#### What you should do:
Would you print the lines below exactly, beginning at the line that has "Hi friends, this" and stopping after the line that has "Like what you"? Only those lines, and no pictures.
:: Provided data ::
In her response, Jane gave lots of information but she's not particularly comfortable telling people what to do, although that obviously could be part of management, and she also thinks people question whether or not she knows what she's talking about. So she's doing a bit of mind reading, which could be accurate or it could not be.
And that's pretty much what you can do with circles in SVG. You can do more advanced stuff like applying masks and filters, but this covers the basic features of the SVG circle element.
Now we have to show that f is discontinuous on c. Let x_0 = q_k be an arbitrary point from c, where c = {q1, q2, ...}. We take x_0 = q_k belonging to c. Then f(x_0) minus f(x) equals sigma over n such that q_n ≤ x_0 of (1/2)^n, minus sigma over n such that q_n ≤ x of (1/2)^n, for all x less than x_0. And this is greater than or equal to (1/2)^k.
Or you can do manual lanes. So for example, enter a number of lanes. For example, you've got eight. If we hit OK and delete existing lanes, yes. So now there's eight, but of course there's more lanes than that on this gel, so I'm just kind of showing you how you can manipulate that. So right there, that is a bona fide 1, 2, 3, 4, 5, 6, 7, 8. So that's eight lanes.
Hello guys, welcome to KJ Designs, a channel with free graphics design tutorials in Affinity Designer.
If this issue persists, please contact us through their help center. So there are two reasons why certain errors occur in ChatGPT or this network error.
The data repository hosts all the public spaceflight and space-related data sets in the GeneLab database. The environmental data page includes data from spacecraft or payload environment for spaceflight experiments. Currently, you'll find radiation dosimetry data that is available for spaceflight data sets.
:::
:: Provided data ::
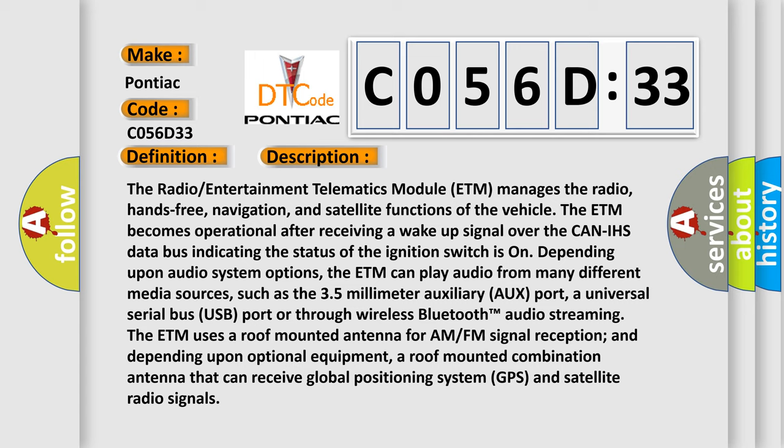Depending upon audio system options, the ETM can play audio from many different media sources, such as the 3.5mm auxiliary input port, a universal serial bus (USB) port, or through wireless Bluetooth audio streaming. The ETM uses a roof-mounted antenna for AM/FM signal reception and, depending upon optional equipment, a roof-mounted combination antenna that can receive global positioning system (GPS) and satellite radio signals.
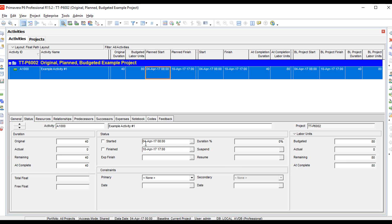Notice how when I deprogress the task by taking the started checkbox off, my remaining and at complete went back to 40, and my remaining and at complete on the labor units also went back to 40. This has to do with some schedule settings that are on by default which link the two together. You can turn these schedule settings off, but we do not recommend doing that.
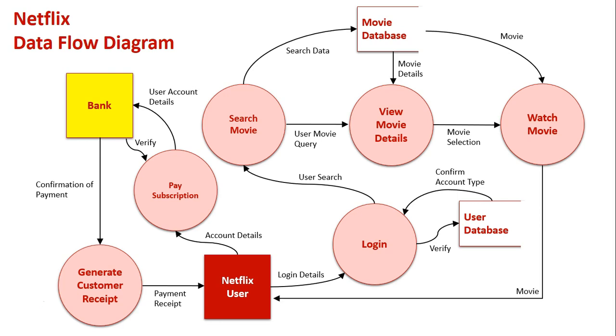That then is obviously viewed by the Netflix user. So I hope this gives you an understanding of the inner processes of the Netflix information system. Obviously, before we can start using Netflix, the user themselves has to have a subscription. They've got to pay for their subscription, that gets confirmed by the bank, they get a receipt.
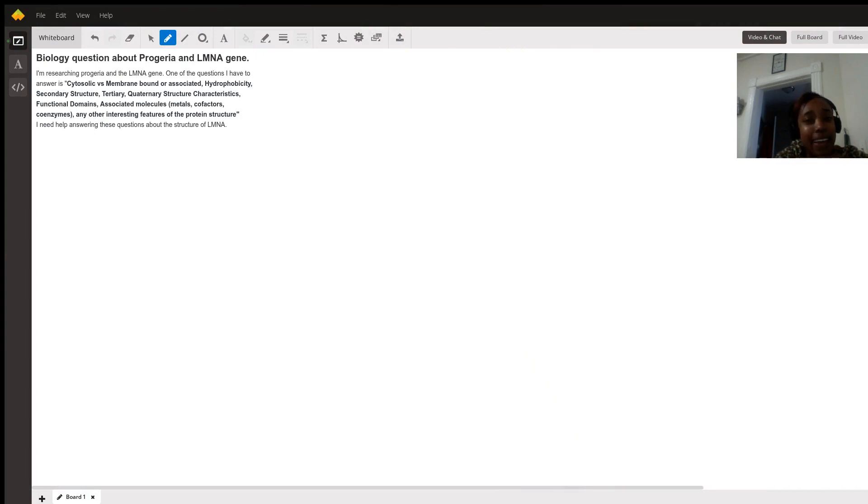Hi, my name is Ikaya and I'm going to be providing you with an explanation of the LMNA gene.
:::
:: Provided data ::
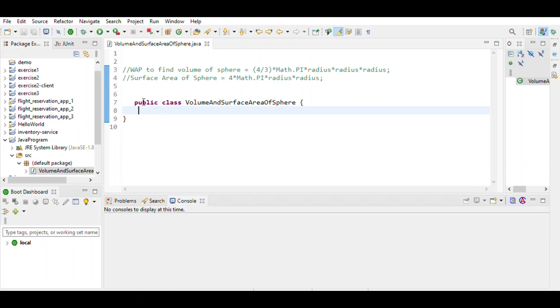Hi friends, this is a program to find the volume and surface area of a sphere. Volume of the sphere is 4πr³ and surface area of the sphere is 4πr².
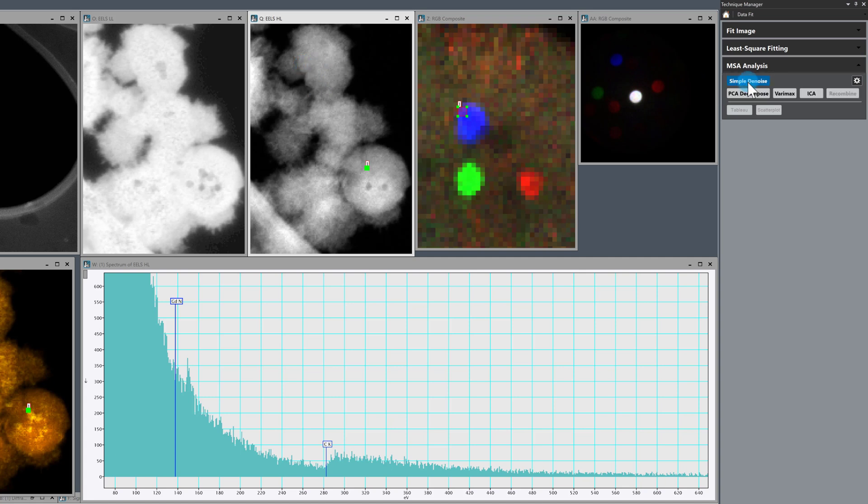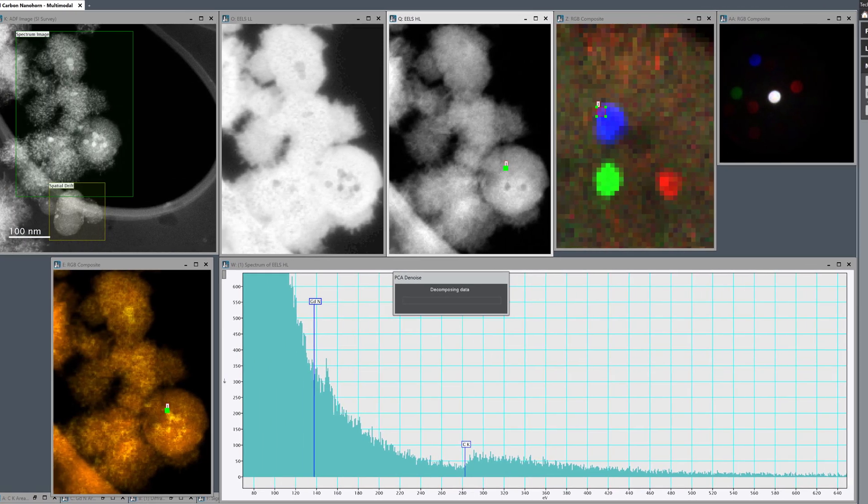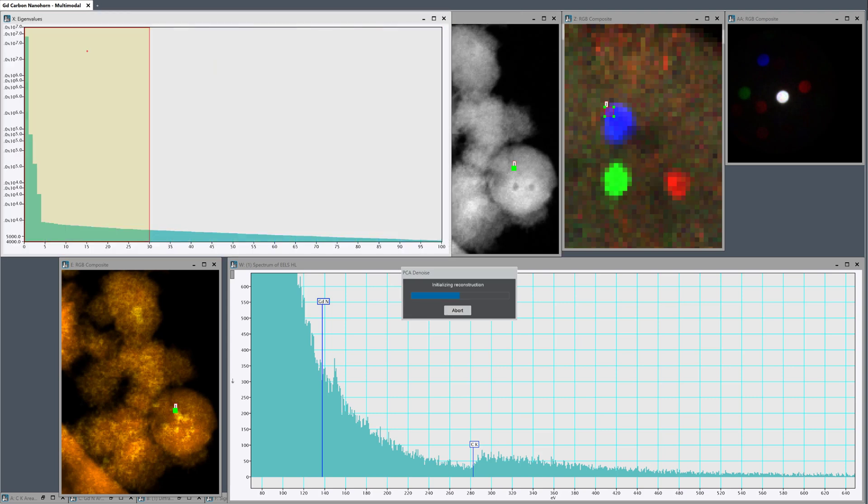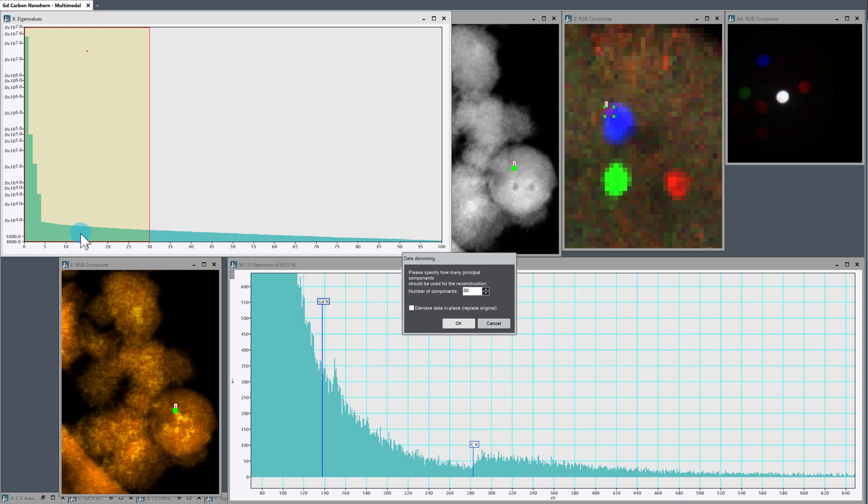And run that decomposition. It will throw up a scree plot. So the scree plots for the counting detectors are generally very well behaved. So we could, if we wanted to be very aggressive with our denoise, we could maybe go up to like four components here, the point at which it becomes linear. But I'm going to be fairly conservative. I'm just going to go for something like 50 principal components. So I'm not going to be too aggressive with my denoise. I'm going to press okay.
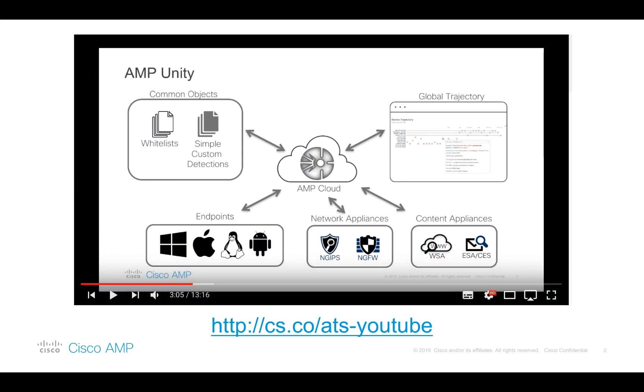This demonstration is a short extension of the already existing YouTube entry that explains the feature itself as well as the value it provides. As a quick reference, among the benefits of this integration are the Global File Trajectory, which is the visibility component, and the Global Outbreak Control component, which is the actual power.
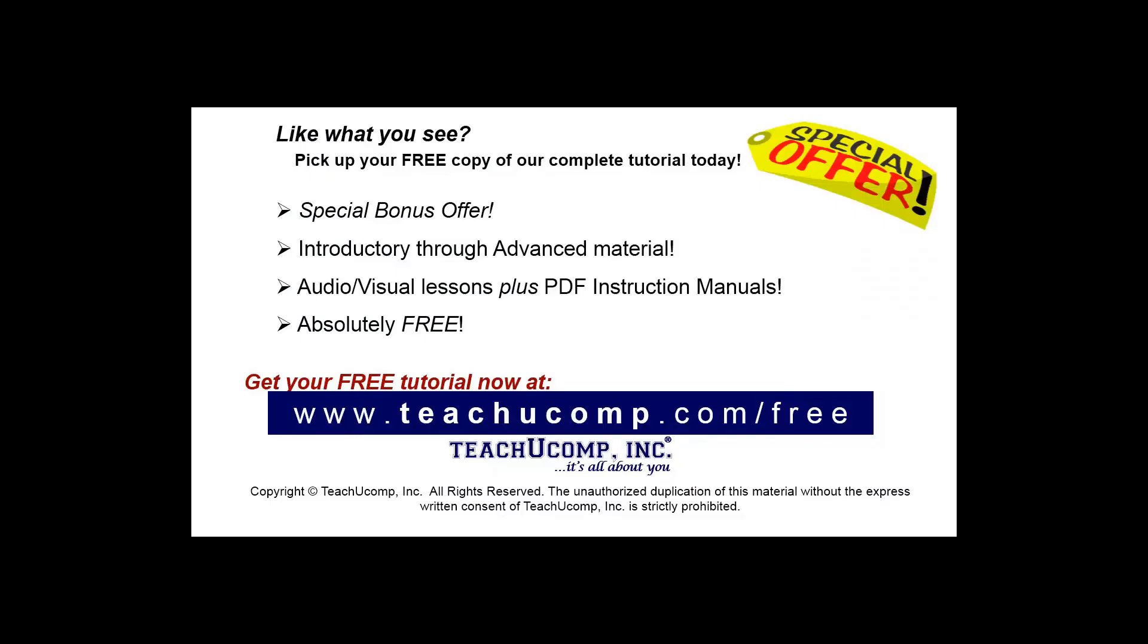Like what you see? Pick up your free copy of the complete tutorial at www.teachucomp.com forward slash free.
:::
#### Exercise result:
Hi friends, this is a program to find the volume and surface area of a sphere. Volume of the sphere is 4πr³ and surface area of the sphere is 4πr².
And run that decomposition. It will throw up a scree plot. So the scree plots for the counting detectors are generally very well behaved. So we could, if we wanted to be very aggressive with our denoise, we could maybe go up to like four components here, the point at which it becomes linear. But I'm going to be fairly conservative. I'm just going to go for something like 50 principal components. So I'm not going to be too aggressive with my denoise. I'm going to press okay.
This demonstration is a short extension of the already existing YouTube entry that explains the feature itself as well as the value it provides. As a quick reference, among the benefits of this integration are the Global File Trajectory, which is the visibility component, and the Global Outbreak Control component, which is the actual power.
Like what you see? Pick up your free copy of the complete tutorial at www.teachucomp.com forward slash free.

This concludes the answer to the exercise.